Laporan Wartawan Tribunnews.com, Gita Irawan
TRIBUNNEWS.COM, JAKARTA - Ahli Hukum Pidana Prof Harkristuti Harkrisnowo mengungkapkan kerancauan terkait restitusi dalam putusan terdakwa tindak pidana rudakpaksa terhadap 13 santriwati, Herry Wirawan.
Ia menjelaskan restitusi adalah suatu program yang ditujukan untuk membuat korban pulih sejauh mungkin.
Namun demikian, menurut dia, restitusi bukanlah hukuman atau alternatif pidana penjara atau denda.
Restitusi, kata Tuti, dan tidak bisa menggantikan pidana-pidana lain.
Restitusi adalah utang dari si pelaku kejahatan kepada korban yang telah menderita akibat perbuatan yang telah dilakukannya.
Untuk itu menurutnya ada kerancuan dalam putusan yang djatuhkan kepada Herry karena restitusi dibebankan kepada negara dalam hal ini Kementerian Pemberdayaan Perempuan dan Perlindungan Anak (PPPA).

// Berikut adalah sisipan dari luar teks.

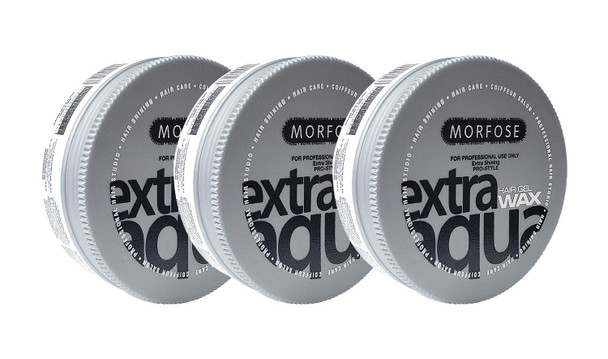 Morfose Max Aqua Hair Gel Wax | Hard Gel Pomade | Level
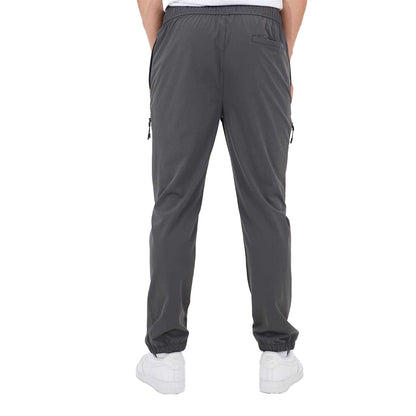 Dark Grey - Back - Brave Soul Mens Slim Joggers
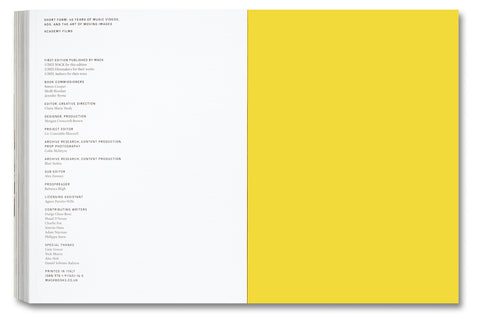 Short Form: 40 Years of Music Videos, Ads, and the Art of Moving Images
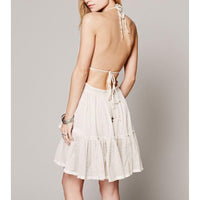 Vestido Feminino Bianca Curto Decote Costas Rodado Primavera e Verão - Miss Bella Store - Miss Bella Store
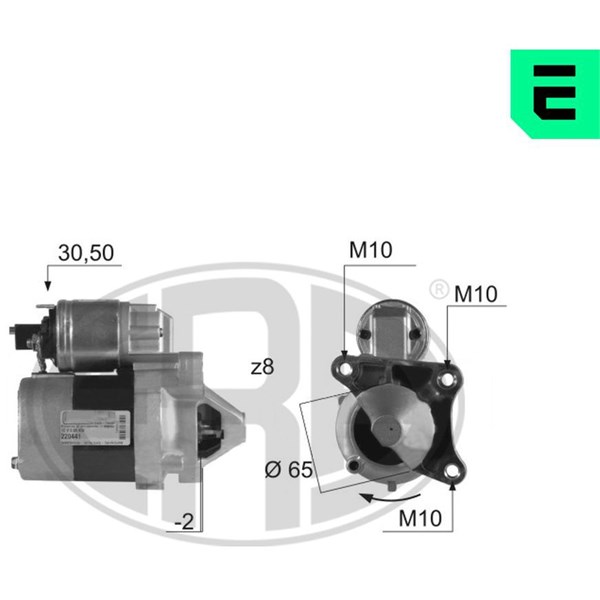Startmotor 12V Era oem Oem 220441 ERA OEM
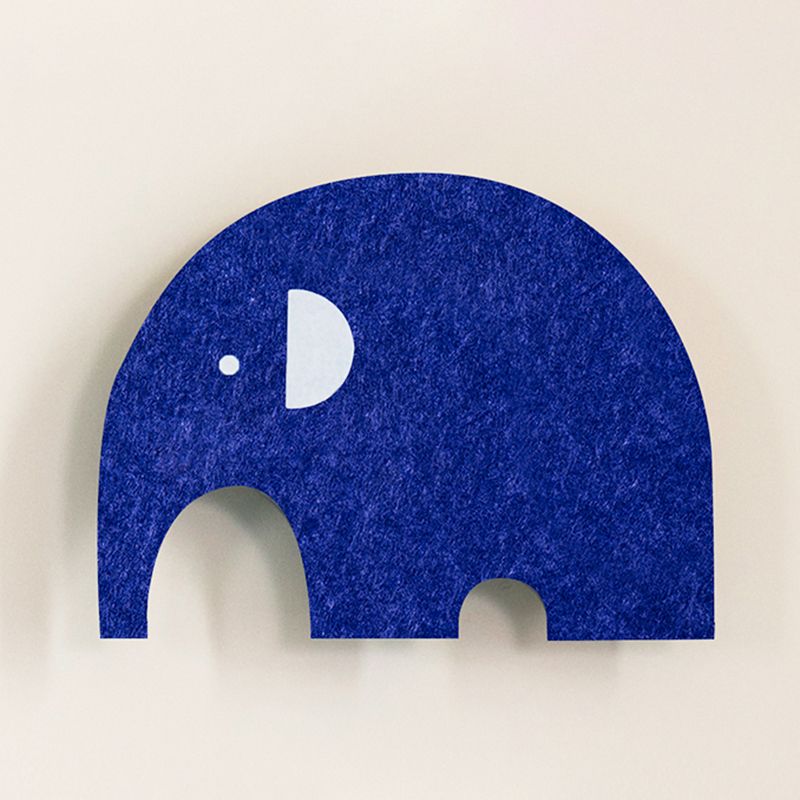 Cartoon Animal LED Sconce Lamp Polyester Children's Bedroom Wall Light Fixture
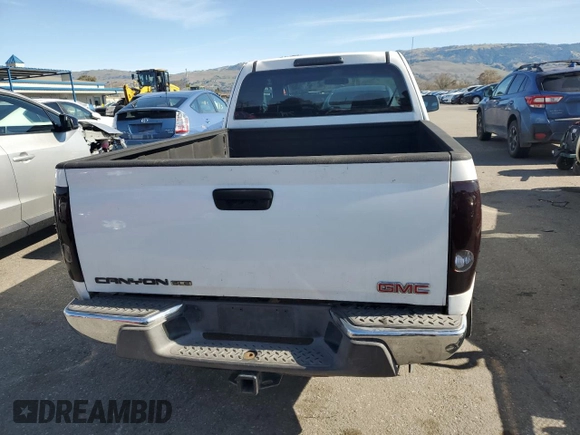 2007 GMC Canyon SLE1 with VIN 1GTCS199178250034, listed as a Copart auction lot 44559485 with 154,990 mi miles and Clean Title. Bid and sale history available at carsss.com. Image 6.
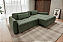 SOFA CAMA STORY LV090 2,40MT TC 20.004 COURO ./VERDE - Imagem 1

Dalam konteks tersebut, restitusi dal putusan hakim lebih bermakna sebagai kompensasi.
"Jadi kayaknya ada sedikit kerancuan dalam menggunakan istilah," kata Tuti dalam acara bertajuk Restitusi VS Kompensasi Bagi Korban Kekerasan Seksual yang digelar LPSK secara daring dan luring pada Rabu (23/2/2022).
Akan tetapi, lanjut dia, masih ada persoalan lain karena berdasarkan Undang-Undang Perlindungan Saksi dan Korban, pemberian kompensasi dibatasi hanya pada korban pelanggaran HAM berat dan terorisme.
Hal tersebut, lanjut dia, sudah dirumuskan dalam pasal 7 Undang-Undang 31 tahun 2014.
Namun demikian, kata dia, untuk korban tindak pidana kekerasan seksual memang diberikan hak untuk mengajukan restitusi.
Hal tersebut, lanjut dia, diatur dalam pasal 7A Undang-Undang 31 tahun 2014 dan diperkuat juga dengan pasal 59 ayat 2J dan juga pasal 71D dari Undang-Undang Nomor 35 tahun 2014 tentang Perubahan atas Undang-Undang 23/2002 tentang perlindungan anak.
"Jadi mungkin di sini perlu ada perbaikan diktum atau bagaimana saya tidak tahu. Jadi (kerancuan) yang pertama penggunaan istilah," kata dia.